We used to play cricket at the Barn Elms park down in Barnes where they had, if you will forgive the Accidental Partridge, a really cracking Wetland Centre and bird … thingy. Like a kind of nature reserve, but just for feathered friends. The geese or whatever really liked to sit on the cricket field nearby, and would sometimes take noisy offence to being moved. They'd also crap on the cut strip. This would then dry and harden and become lethal and unplayable. It was like corrugated poo, and believe me, you tell yourself to get forward but once the first one has reared off a full length to give you a black eye AND a faceful of bird poo, it is no picnic . I don't think even Boycott has got an anecdote about how he had to face Mikey Holding on a pitch covered with goose crap.

These games would invariably be conducted in driving rain or with a ferocious hangover, or both. Quite often, players would be drinking heavily while waiting to bat, or waiting for the ball to go through their legs at third man, just to stave off some of the cold. If one of us (well, the opposition) hit a six, you risked life and limb at the beaks of vengeful geese getting their revenge in for all those Christmas atrocities as you fished it out of the reeds. It made the games of football we used to have on the pitch with all the heroin needles and crack pipes look like a balmy pre-season exhibition at the San Siro.

Could MS Dhoni still play like that if there was a good chance of any delivery hitting a bottle top?

A turned ankle on a municipal tennis court with roughly the same surface as the moon, a verruca in the swimming baths, landing your golf ball in a council course fairway divot that actually turns out to be a rabbit hole … these are the challenges we amateurs face. Sure, the pros have to train insanely hard and practise all the time and never drink a beer or smoke a fag (well, apart from snooker) and they operate under huge pressure. But really, these guys have it easy. All the facilities and equipment are set up for them to succeed. It's a gilded, distant world up there.

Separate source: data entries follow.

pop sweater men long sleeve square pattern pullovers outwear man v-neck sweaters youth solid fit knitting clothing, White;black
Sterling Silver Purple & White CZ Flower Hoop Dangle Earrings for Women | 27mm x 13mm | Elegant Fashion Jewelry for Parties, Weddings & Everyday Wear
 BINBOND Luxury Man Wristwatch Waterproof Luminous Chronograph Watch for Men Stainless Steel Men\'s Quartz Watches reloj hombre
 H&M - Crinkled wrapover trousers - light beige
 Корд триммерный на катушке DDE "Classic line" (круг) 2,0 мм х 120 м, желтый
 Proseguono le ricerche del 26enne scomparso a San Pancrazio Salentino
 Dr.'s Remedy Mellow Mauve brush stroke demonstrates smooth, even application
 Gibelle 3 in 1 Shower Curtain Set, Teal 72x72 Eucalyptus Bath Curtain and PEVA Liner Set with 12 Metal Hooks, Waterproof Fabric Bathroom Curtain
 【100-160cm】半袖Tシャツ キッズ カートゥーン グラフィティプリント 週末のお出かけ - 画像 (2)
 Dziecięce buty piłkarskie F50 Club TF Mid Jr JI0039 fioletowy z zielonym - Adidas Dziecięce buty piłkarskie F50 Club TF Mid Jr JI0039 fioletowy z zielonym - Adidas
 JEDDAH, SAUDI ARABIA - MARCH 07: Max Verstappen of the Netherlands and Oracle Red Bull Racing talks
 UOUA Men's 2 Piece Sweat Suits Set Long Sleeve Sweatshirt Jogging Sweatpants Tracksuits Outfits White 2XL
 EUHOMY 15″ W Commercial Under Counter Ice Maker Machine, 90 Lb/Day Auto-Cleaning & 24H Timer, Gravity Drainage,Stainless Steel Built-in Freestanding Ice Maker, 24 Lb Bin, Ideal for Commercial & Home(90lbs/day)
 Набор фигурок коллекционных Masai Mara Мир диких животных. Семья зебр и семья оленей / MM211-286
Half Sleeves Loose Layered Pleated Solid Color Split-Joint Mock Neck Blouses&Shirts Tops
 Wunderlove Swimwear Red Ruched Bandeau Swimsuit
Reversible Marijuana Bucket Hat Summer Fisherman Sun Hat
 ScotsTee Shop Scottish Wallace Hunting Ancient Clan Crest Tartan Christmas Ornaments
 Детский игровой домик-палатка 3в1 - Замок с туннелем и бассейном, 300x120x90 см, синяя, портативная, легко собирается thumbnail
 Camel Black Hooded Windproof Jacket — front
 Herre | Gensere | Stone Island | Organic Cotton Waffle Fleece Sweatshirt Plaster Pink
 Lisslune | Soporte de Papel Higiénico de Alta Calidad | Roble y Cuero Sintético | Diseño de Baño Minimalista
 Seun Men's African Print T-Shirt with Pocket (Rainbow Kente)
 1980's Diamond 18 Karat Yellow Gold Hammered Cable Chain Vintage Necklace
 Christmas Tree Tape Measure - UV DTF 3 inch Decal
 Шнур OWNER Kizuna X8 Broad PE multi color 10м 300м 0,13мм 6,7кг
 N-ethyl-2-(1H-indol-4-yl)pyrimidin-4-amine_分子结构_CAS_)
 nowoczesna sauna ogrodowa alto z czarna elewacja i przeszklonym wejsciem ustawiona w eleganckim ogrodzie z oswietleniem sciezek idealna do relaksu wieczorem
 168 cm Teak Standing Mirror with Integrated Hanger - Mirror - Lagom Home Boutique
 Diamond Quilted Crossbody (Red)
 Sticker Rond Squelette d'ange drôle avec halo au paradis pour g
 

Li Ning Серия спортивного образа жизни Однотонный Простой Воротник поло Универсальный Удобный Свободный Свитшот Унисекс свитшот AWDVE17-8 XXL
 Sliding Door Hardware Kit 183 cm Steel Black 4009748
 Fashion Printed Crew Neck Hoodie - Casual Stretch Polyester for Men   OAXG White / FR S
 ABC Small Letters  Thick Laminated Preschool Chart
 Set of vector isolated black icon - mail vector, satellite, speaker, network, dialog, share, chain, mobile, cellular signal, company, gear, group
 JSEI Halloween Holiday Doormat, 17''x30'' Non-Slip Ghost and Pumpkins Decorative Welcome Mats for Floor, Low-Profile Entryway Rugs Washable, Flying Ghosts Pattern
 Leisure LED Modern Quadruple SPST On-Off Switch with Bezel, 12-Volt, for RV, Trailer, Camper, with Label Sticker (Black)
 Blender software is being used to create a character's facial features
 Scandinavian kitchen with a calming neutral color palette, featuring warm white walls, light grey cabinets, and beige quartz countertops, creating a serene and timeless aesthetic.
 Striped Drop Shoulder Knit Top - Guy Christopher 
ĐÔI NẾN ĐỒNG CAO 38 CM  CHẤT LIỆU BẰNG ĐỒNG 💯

In a way, the achievements of the great pros would be even more impressive, and certainly more relatable if they did the business in the same conditions that we do. So let's see Rory McIlroy win a major playing with just a seven iron and a rusty putter. Could MS Dhoni still play like that if there was a good chance of any delivery hitting a bottle top? And would Ronnie still be a snooker god down the local boozer?

Yeah, of course he would. He's done it at the UK Championship, after all.